Definition

    What Is a Right to Be Forgotten?

    The right to be forgotten is a data subject's right under the GDPR to request the erasure of their personal data when it is no longer necessary, when consent is withdrawn, or when it was unlawfully processed.

    The right to be forgotten, formally known as the right to erasure under Article 17 of the GDPR, allows individuals to request that an organization delete their personal data under certain circumstances. This right gained prominence following the landmark 2014 Court of Justice of the European Union (CJEU) ruling in Google Spain v. AEPD, where the court held that individuals have the right to request that search engines remove links to web pages containing outdated or irrelevant personal information about them. The GDPR codified and expanded this right, making it one of the most significant and widely discussed data subject rights in modern privacy law.

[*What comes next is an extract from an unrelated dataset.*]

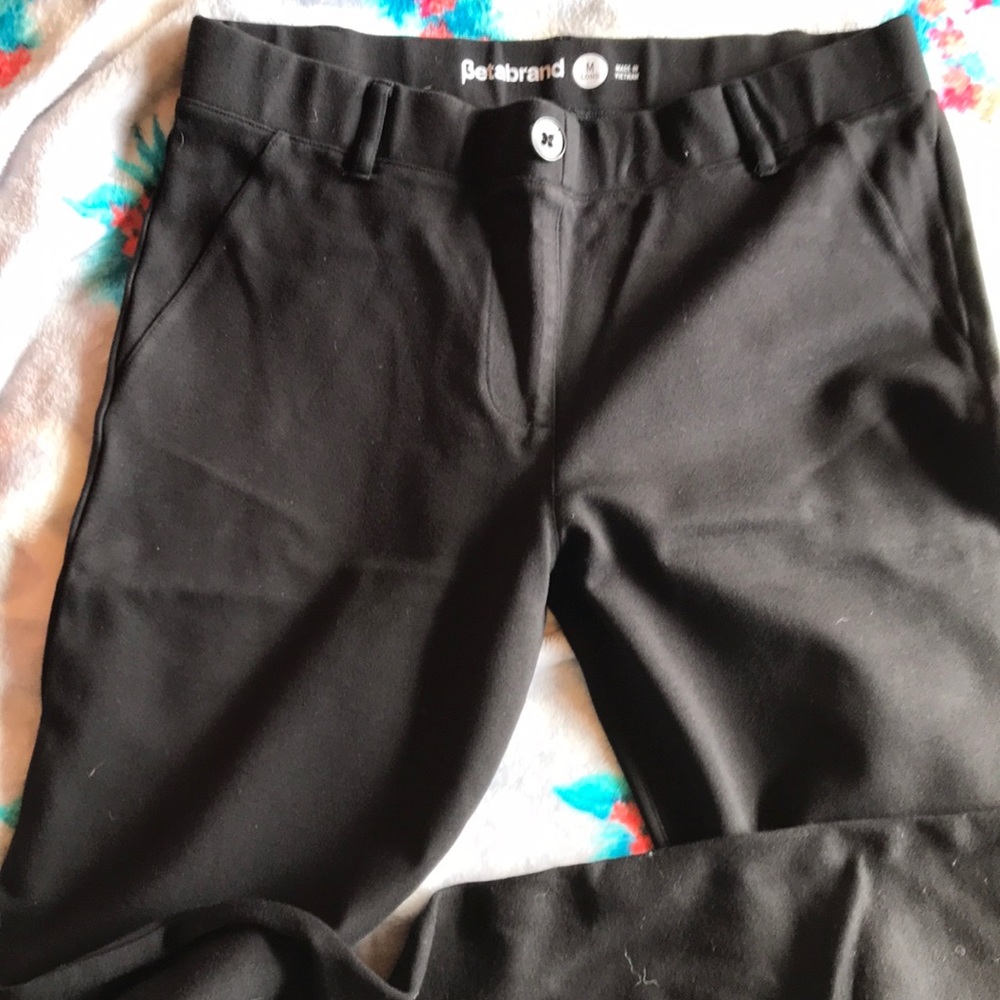 Betabrand dress pant yoga pants medium long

    Under the GDPR, an individual can request erasure of their personal data in several specific situations: when the data is no longer necessary for the purpose for which it was collected; when the individual withdraws the consent on which the processing was based and there is no other legal basis; when the individual objects to the processing and there are no overriding legitimate grounds; when the data has been unlawfully processed; when erasure is required to comply with a legal obligation; or when the data was collected in relation to the offer of information society services to a child. Upon receiving a valid erasure request, the controller must delete the data without undue delay and, in any case, within one month.

    The right to be forgotten is not absolute. The GDPR provides several exceptions where a controller may refuse an erasure request. These include situations where the data is necessary for exercising the right to freedom of expression and information, for compliance with a legal obligation, for reasons of public interest in the area of public health, for archiving purposes in the public interest or scientific and historical research, or for the establishment, exercise, or defense of legal claims. For example, a bank cannot be required to delete transaction records that it is legally obligated to retain for anti-money laundering purposes, even if the customer closes their account and requests full data deletion.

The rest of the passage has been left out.